Question: I have owned a leasehold flat - one of 36 flats in three small blocks - since October and have now had a letter from the management company saying they intend to contract decorators for £15,120 to do external work. They say it's the third notice in the consultation procedure, and their chosen firm was not listed on the statement of estimates issued in June 2012.
The work includes painting outside woodwork on the blocks, including windows, communal entrance doors, fascias, soffits, bin store and fences, and most of the cost is for "access equipment" as the blocks are three storeys high. The windows are all plastic double glazed and there are only three sets of double doors, so the cost seems excessive. Should I query it?
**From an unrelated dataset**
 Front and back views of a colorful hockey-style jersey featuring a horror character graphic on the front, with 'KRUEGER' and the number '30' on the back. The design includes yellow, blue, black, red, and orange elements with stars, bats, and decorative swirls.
Answer: Without seeing the consultation notices, it is hard to say whether the landlord consulted correctly. If they didn't, they may be limited to a £250 contribution per flat.
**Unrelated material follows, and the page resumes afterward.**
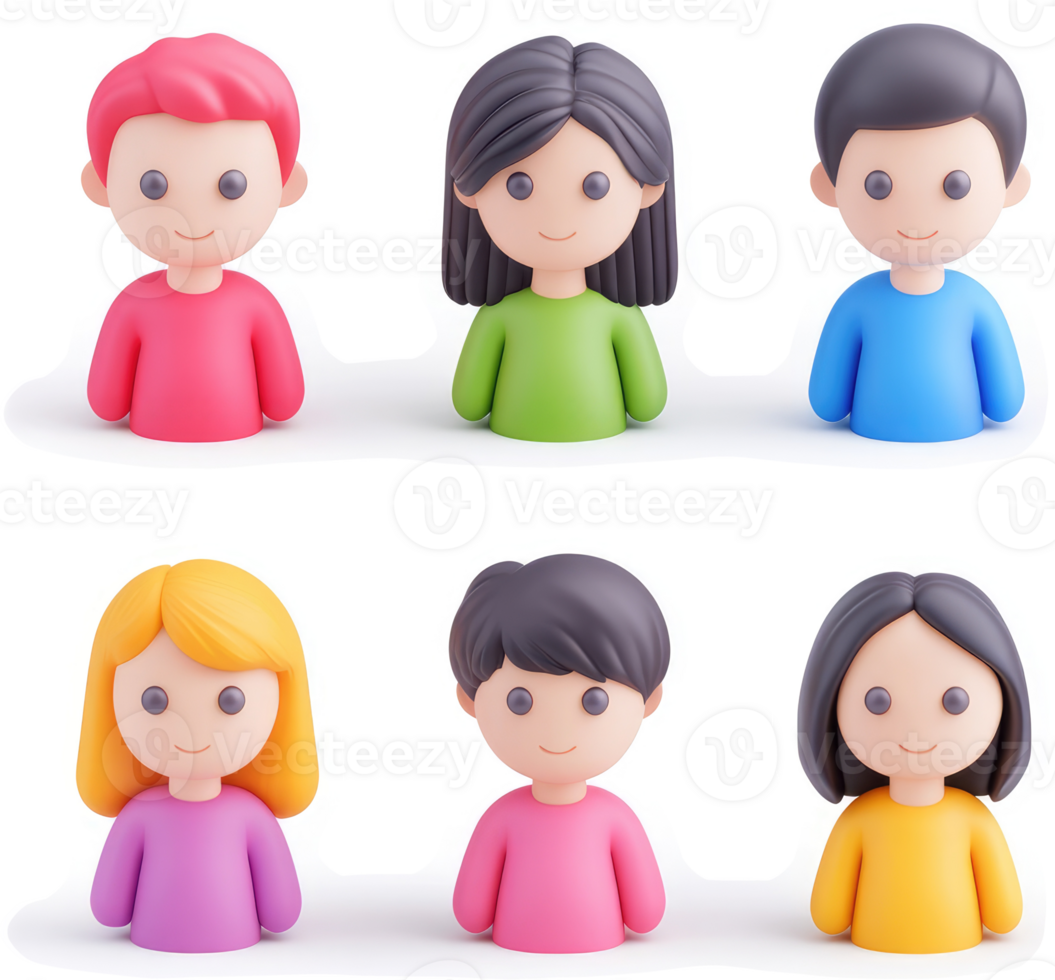 Colorful cartoon avatars of diverse children. png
The earlier notices and proposed works should have been brought to your attention by the seller of the flat. If they were not, the seller could be liable to you for misrepresentation. If the landlord served the notices on your seller, you cannot argue you should not be bound by them, even if your seller didn't tell you about them.
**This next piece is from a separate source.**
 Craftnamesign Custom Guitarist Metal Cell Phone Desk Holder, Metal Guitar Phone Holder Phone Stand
The landlord can only recover "reasonably incurred" service charges. Painting uPVC windows that don't need it is likely to be deemed unreasonable. But if the other parts need work, there is no cheaper way of doing it, and the estimate is not unreasonably high for the work involved, it will be "reasonable" and you must pay your share as defined in your lease. You could get quotes yourself for the work and if they are much lower than the landlord's, you could possibly challenge the charges' reasonableness in the First-tier Tribunal (Property Chamber).